Moira couldn’t very well tell the guy Nadine had been possessed for a few days by a psycho demon who’d left her half crazy.
“My partner’s calling an ambulance,” Grant told her, keeping his eyes on the hysterical woman. Someone took a picture with his iPhone, and Grant nearly decked him.
“Watch it,” Moira warned. “Everyone has a fucking camera-phone.”
Grant told the crowd to back off, then turned to Nadine. “Nadine, it’s me, Grant Nelson. You remember me, right? From Velocity?”
“I hate you!” Nadine screamed.
Moira didn’t know whether Nadine was talking to Grant or the crowd. She watched Grant closely. He had a familiarity with Nadine.
“You know her?” she stated.
“I go to the club a lot. I know most of the staff.” Grant stepped forward. “Nadine, I’m here to help you. I want to help. Step back from the curb.”
“Get back! Get back!” Nadine screamed. “I can’t see!”
If she couldn’t see, how did she know Grant was there? Moira wondered. Was she missing something?
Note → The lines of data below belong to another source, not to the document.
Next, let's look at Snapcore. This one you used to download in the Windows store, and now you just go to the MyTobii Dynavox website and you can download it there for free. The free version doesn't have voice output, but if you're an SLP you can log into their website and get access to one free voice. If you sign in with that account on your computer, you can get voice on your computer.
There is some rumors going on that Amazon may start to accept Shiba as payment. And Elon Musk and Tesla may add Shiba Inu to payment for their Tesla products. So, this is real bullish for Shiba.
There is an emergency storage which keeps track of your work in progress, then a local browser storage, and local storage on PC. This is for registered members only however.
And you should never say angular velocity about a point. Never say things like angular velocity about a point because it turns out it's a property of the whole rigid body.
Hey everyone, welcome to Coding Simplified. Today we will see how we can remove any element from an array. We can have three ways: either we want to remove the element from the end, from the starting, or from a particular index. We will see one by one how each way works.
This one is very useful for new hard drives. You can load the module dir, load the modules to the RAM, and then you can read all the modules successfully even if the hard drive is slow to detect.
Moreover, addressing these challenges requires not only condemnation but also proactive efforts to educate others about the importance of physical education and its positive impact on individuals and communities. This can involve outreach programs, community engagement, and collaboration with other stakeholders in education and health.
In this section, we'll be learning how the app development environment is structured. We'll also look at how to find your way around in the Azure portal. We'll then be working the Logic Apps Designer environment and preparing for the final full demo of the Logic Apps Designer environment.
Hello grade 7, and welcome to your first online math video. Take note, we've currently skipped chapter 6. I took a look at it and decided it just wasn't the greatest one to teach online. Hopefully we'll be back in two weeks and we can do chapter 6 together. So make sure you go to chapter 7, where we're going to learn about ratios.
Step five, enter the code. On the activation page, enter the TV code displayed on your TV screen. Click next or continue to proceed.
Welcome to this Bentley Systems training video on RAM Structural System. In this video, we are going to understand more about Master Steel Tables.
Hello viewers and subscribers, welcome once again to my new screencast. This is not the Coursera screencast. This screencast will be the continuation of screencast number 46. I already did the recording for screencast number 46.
Nadine felt around wildly.
Grant said, “Honey, it’s okay. You’ll be okay, I promise. Come here, I’ll take care of you.”
“No! No! I killed them. I didn’t mean to, I didn’t know it was going to be so awful, no, no, no! Don’t do this to me! Don’t!”
Grant mumbled, “Shit.” He said to Moira out of the side of his mouth, “Circle around the other side; I’ll go this way.”
“She’s going to get herself killed,” a bystander said.
“Grab her,” Moira said. “Get her away from the traffic.”
Grant moved away from Nadine’s line of vision and Moira distracted her by moving in the opposite direction. “Nadine, my name’s Moira. I can help you. You need to let me help you.”
“I know you! I know you! No, no-” Her face twisted and she put her hands on both sides of her head, her fingernails clawing her skin, drawing blood.
Grant ran toward Nadine, but she whirled around and screamed at him. “It’s your fault! Go away! Leave me! God, help me, I’m dying!”
Grant got ahold of her wrist, but she scratched his face with sharp nails and he stumbled backward, unable to keep his grip.
Moira grabbed Nadine from the other side and held her tightly around the waist. Nadine threw her head back once, twice, into Moira’s face and she tripped, trying to pull Nadine back with her, away from traffic, but Nadine dug her fingernails into the palm of her hand, which was still healing from the deep cut two weeks ago.
Moira saw black. Blood poured from her nose as Nadine wrenched herself from Moira’s hold and ran off the curb. Grant reached for Nadine, but the crazed woman turned and lurched headlong into the traffic, slamming against a car. Brakes squealed, but not before Nadine fell onto the pavement and was run over by a bus trying in vain to stop.
Moira screamed, her hands on her face, shaky from Nadine’s quick and surprisingly violent assault. Grant wore a bewildered expression, his face bleeding from where Nadine scratched him. Bystanders shouted, some woman cried hysterically, but Moira stood stock-still. She was stunned, shaken to her core.
Strong hands from behind pulled her back. She turned and found herself in Rafe’s tight embrace. She held on as if he were her lifeline, and then the tears fell.